Alix Earle and friends allegedly scammed into booking fake villa for girls' trip to Italy: 'Someone is about to get fired'
Alix Earle, a beauty and lifestyle influencer with 5.3 million followers on TikTok, recently shared a harrowing tale about how she and her group of friends got stranded in Italy. In Earle’s own words, “The girls’ trip took a turn” — and it was certainly an unexpected one.
According to Earle, they showed up for the vacation they had planned together and discovered the “scenic villa” they had allegedly booked didn’t exist, and their car service canceled. They walked out of the airport without their luggage, and security wouldn’t let them back in, stranding her group of 11 at midnight in a completely foreign city.

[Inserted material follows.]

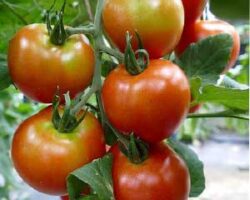 Buah tomato kaya dengan vitamin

“We literally don’t know where to go,” Earle told the camera. “Eleven girls stranded in Positano.”
She also posted a full video breakdown of the entire saga with more details and explained they eventually found a tiny hotel room to share.
If you have to end up stranded with 10 girls, Positano might be exactly where you’d like that to happen. According to the city’s tourism guide, the cliffside village is “the most famous and iconic village on the Amalfi Coast” and features romantic winding streets filled with charming boutiques and bakeries, breathtaking views and beaches and beloved historical sights.
The commenters on Earle’s video seemed to feel similarly. While they were sympathetic — because everyone knows how stressful traveling can be, especially when things go wrong — it certainly makes things better if you are a widely popular influencer stranded in one of the most beautiful places on Earth.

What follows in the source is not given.